### EXERCISE DESCRIPTION
No pictures belong in the answer. Repeat all the entries exactly.

MATERIAL FOR THIS TASK Block Start

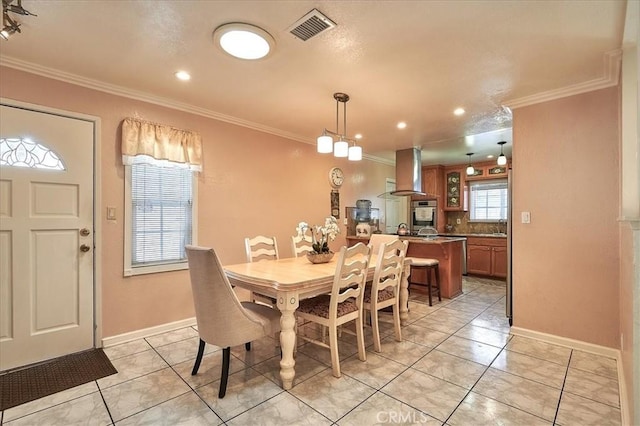 dining room with light tile patterned floors, crown molding, and sink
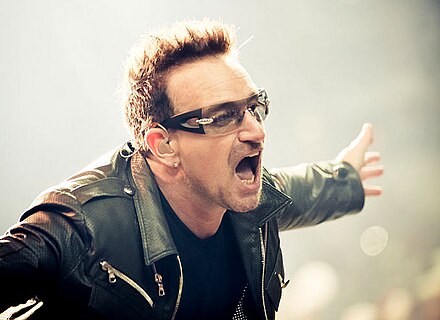 Bono performing with U2 in 2011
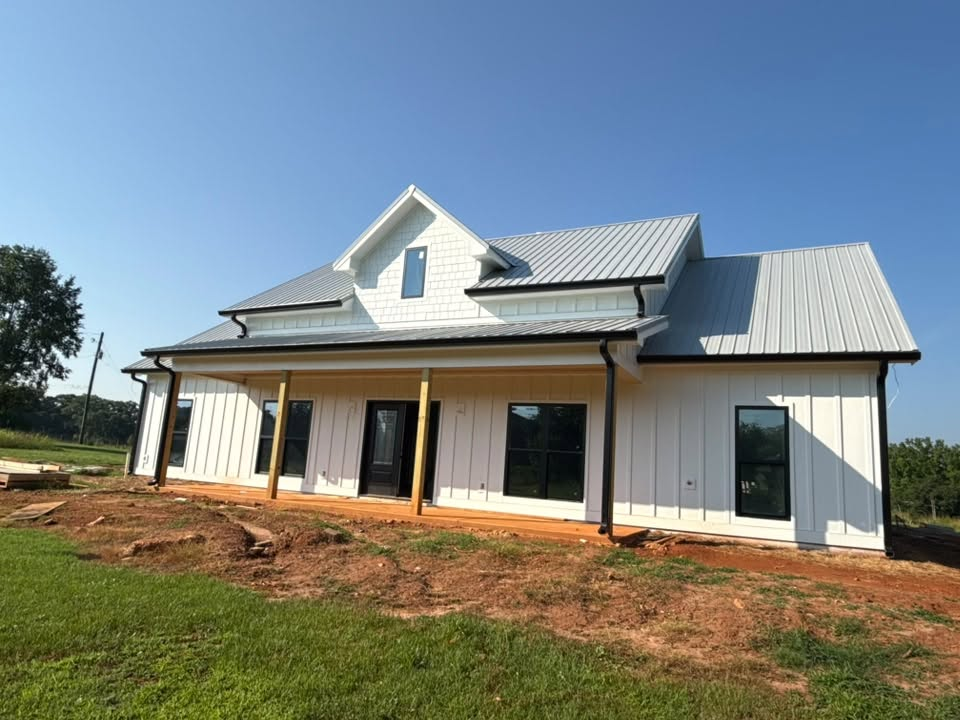 Newly installed seamless gutters on a white farmhouse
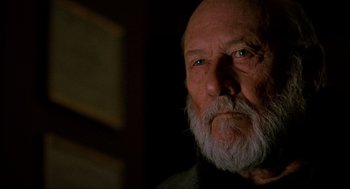 Movie still from “Halloween: The Curse of Michael Myers” (1995), directed by Joe Chappelle – An old man with a beard is looking at the camera; Close Up shot, Low angle
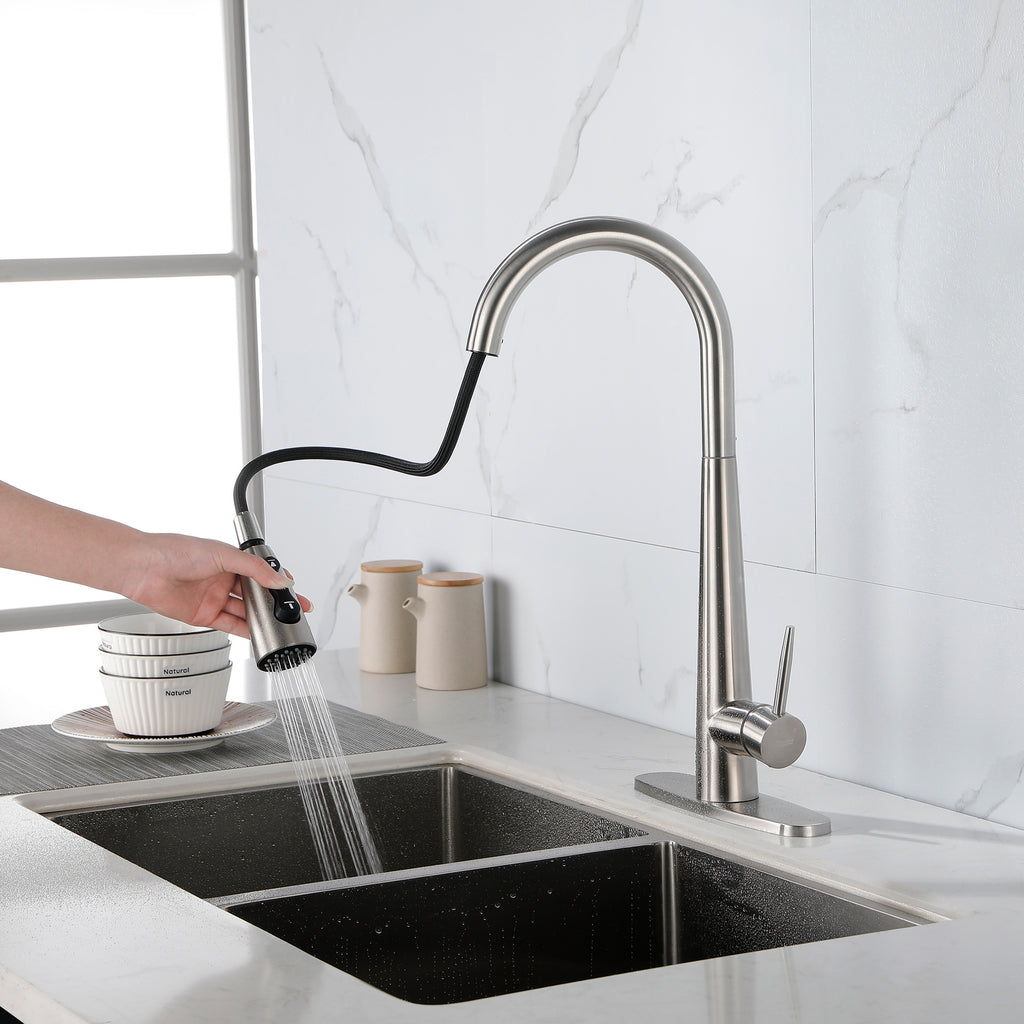 Modern stainless steel kitchen faucet with pull-down spray head installed on white countertop by Shopi Vella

MATERIAL FOR THIS TASK Block End

### TASK RESULT
 dining room with light tile patterned floors, crown molding, and sink
 Bono performing with U2 in 2011
 Newly installed seamless gutters on a white farmhouse
 Movie still from “Halloween: The Curse of Michael Myers” (1995), directed by Joe Chappelle – An old man with a beard is looking at the camera; Close Up shot, Low angle
 Modern stainless steel kitchen faucet with pull-down spray head installed on white countertop by Shopi Vella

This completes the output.